First Pic Of Strange Planet...


AUSTIN, Texas — "An extrasolar planet about one-fourth the heft of Jupiter might have formed from the collision and merger of two planets, astronomers announced Wednesday.

Known as 2M1207B, the object orbits a brown-dwarf star called 2M1207A located 170 light-years from Earth and seen in the direction of the constellation Centaurus.

Astronomers have long puzzled over the mysterious object, which seems to fall outside the spectrum of physical possibility.

Its temperature, age and brightness don't match up with what astrophysical theory would predict.

"This is a strange enough object that it needs a strange explanation," said Eric Mamajek of the Harvard-Smithsonian Center for Astrophysics.

Mamajek presented the research here at a meeting of the American Astronomical Society.

Researchers have debated since 2004 what exactly the object is, however — whether it's a planet or perhaps a brown dwarf, which is a failed star and not a planet.

Past estimates put the object's mass at about five times that of Jupiter.

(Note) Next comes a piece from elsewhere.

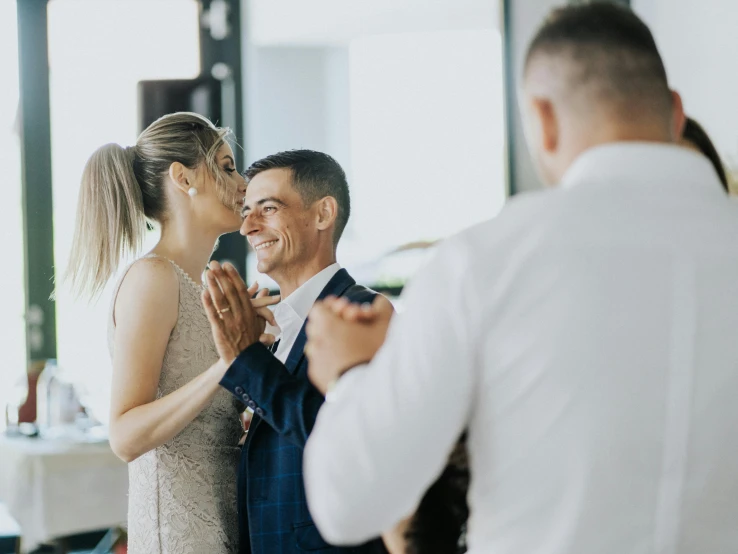 a woman standing next to a man and laughing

However, the new study, if accurate, suggests the object weighs less than Jupiter.

If the new model is correct, it would mean 2M1207B formed in a similar fashion to a planet. It would also means that a 2004 picture of the object would go down in history as the first photo of a planet outside our solar system.

Feverish

This titanic-collision theory would explain why 2M1207B is a feverish 2,400 degrees Fahrenheit (1,315 degrees Celsius) even though it's had possibly 8 million years or so since formation to cool off.

It should have cooled to 1,300 degrees F (704 degrees C) by now.

A smashup between a Saturn-sized gas giant and a planet about three times the size of Earth could explain the extra heat.

From nudges to colossal crashes, such encounters are common.

"Most, if not all, planets in our solar system were hit early in their history," Mamajek said.

Perhaps most notably, a collision created Earth's moon. And another knocked Uranus on its side."

Eventually they'll discover the first earth-like planet, and it'll take something like that to rekindle the publics love affair with outer space. For now we must remain content with inhospitable gas giants, but the day another earth is found, a warm, wet and cozy place so unlike the gas bags where only creatures like Clinton's or Obama's could thrive, that day will be a marvelous one for the only known sentient race in the universe.